--- Excerpted data Enclosed Below ---

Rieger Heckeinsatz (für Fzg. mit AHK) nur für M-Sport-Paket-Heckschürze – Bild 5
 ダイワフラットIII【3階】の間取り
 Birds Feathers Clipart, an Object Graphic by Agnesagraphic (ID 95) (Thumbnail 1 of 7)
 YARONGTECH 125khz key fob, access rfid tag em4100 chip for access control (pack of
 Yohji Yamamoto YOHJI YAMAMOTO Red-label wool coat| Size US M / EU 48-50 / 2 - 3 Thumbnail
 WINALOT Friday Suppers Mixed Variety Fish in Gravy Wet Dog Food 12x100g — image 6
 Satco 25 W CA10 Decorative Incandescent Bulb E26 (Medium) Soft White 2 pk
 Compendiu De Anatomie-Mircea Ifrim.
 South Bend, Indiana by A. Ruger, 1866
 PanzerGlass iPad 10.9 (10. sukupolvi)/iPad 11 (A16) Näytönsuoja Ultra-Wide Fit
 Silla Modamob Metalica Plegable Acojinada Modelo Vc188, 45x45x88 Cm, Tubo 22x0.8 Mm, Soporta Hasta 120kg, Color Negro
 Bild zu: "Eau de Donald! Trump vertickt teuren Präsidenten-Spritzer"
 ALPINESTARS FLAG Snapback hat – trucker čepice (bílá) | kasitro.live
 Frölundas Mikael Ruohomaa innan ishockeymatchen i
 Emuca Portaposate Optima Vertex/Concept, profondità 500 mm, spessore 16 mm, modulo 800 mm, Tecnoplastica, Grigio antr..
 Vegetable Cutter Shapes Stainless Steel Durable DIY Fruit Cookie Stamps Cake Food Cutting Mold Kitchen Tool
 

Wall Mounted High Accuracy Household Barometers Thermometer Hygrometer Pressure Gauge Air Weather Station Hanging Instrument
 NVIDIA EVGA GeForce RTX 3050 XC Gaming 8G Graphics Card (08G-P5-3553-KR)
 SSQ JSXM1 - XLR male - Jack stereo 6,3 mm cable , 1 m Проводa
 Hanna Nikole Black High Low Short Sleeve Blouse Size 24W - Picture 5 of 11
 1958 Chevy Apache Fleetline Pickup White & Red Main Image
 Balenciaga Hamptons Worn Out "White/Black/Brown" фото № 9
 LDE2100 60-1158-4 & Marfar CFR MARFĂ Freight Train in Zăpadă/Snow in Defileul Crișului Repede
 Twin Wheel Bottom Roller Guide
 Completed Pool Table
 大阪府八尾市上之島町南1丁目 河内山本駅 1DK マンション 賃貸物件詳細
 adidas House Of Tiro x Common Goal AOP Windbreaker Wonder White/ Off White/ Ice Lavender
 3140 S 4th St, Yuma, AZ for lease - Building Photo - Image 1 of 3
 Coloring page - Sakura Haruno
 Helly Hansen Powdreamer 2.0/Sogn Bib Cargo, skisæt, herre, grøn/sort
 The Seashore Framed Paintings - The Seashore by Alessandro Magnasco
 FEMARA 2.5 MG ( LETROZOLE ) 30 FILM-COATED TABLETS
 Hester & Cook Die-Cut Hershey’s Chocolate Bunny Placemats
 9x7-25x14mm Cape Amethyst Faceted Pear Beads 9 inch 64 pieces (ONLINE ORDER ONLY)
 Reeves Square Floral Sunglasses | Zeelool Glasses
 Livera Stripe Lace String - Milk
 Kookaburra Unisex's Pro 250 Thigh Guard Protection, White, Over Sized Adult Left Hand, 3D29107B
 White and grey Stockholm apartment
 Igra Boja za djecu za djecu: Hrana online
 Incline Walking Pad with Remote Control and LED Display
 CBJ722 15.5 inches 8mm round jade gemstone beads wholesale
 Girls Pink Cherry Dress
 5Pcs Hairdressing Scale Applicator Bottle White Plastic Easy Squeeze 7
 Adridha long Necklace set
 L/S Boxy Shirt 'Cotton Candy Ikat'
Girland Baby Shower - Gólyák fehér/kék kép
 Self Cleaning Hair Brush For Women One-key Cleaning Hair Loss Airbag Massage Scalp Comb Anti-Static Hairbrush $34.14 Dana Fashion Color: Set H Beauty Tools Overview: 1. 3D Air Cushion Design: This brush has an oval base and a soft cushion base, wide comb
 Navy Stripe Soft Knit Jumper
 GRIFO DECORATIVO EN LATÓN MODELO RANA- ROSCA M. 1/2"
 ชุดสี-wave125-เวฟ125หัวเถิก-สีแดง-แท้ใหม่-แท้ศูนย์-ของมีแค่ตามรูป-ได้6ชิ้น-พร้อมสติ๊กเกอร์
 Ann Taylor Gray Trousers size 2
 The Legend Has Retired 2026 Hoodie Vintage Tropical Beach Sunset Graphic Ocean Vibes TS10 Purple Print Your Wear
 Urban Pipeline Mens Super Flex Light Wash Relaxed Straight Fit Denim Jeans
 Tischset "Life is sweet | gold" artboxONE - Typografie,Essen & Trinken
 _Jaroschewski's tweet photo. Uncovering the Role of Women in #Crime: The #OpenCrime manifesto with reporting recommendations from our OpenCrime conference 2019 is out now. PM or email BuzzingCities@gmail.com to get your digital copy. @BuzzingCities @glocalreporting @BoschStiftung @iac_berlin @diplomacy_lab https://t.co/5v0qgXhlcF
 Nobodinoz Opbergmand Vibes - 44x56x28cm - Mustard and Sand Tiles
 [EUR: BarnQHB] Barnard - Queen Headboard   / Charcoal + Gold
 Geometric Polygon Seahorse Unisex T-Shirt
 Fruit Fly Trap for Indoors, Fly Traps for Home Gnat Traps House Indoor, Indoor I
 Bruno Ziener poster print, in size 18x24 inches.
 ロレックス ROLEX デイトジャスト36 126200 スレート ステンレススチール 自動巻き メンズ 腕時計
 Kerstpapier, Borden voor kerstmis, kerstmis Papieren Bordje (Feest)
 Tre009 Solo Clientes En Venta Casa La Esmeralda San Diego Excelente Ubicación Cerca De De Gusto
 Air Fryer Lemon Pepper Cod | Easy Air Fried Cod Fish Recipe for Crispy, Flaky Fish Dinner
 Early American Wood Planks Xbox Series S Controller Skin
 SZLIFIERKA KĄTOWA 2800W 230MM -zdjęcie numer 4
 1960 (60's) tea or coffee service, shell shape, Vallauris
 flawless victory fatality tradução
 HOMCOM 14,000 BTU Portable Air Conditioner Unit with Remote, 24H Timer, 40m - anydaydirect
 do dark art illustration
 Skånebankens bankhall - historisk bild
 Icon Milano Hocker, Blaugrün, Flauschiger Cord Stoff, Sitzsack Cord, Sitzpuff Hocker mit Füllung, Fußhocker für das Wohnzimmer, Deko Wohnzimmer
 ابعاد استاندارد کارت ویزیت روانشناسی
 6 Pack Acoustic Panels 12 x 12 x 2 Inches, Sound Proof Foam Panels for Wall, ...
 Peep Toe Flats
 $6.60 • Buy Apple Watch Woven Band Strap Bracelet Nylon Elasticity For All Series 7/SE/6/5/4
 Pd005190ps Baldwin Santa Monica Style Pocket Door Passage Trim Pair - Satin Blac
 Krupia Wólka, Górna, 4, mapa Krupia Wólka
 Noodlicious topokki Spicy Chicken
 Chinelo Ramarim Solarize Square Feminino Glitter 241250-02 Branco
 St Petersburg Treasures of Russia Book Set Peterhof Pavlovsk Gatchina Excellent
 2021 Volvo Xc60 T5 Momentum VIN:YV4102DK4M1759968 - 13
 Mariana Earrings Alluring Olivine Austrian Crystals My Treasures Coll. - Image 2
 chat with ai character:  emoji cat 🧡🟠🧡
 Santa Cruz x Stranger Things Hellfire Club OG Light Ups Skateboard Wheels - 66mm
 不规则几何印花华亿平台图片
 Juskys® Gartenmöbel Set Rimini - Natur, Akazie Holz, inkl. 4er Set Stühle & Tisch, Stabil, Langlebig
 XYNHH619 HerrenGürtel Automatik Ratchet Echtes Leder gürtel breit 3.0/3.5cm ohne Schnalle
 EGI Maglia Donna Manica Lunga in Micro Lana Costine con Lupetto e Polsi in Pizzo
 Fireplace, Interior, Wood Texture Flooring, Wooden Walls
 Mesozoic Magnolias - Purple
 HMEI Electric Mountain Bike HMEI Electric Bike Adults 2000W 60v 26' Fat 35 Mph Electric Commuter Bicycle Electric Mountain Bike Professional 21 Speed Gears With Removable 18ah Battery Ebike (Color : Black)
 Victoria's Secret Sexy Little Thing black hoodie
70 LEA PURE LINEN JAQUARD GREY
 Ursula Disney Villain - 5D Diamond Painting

--- End of Enclosed Excerpted data ---

• **Exercise brief**:
Copy verbatim, from the listing above, each line from the one containing "SZLIFIERKA KĄTOWA 2800W" down to the one containing "Mesozoic Magnolias - Purple", inclusive.

• **Answer for the task**:
 SZLIFIERKA KĄTOWA 2800W 230MM -zdjęcie numer 4
 1960 (60's) tea or coffee service, shell shape, Vallauris
 flawless victory fatality tradução
 HOMCOM 14,000 BTU Portable Air Conditioner Unit with Remote, 24H Timer, 40m - anydaydirect
 do dark art illustration
 Skånebankens bankhall - historisk bild
 Icon Milano Hocker, Blaugrün, Flauschiger Cord Stoff, Sitzsack Cord, Sitzpuff Hocker mit Füllung, Fußhocker für das Wohnzimmer, Deko Wohnzimmer
 ابعاد استاندارد کارت ویزیت روانشناسی
 6 Pack Acoustic Panels 12 x 12 x 2 Inches, Sound Proof Foam Panels for Wall, ...
 Peep Toe Flats
 $6.60 • Buy Apple Watch Woven Band Strap Bracelet Nylon Elasticity For All Series 7/SE/6/5/4
 Pd005190ps Baldwin Santa Monica Style Pocket Door Passage Trim Pair - Satin Blac
 Krupia Wólka, Górna, 4, mapa Krupia Wólka
 Noodlicious topokki Spicy Chicken
 Chinelo Ramarim Solarize Square Feminino Glitter 241250-02 Branco
 St Petersburg Treasures of Russia Book Set Peterhof Pavlovsk Gatchina Excellent
 2021 Volvo Xc60 T5 Momentum VIN:YV4102DK4M1759968 - 13
 Mariana Earrings Alluring Olivine Austrian Crystals My Treasures Coll. - Image 2
 chat with ai character:  emoji cat 🧡🟠🧡
 Santa Cruz x Stranger Things Hellfire Club OG Light Ups Skateboard Wheels - 66mm
 不规则几何印花华亿平台图片
 Juskys® Gartenmöbel Set Rimini - Natur, Akazie Holz, inkl. 4er Set Stühle & Tisch, Stabil, Langlebig
 XYNHH619 HerrenGürtel Automatik Ratchet Echtes Leder gürtel breit 3.0/3.5cm ohne Schnalle
 EGI Maglia Donna Manica Lunga in Micro Lana Costine con Lupetto e Polsi in Pizzo
 Fireplace, Interior, Wood Texture Flooring, Wooden Walls
 Mesozoic Magnolias - Purple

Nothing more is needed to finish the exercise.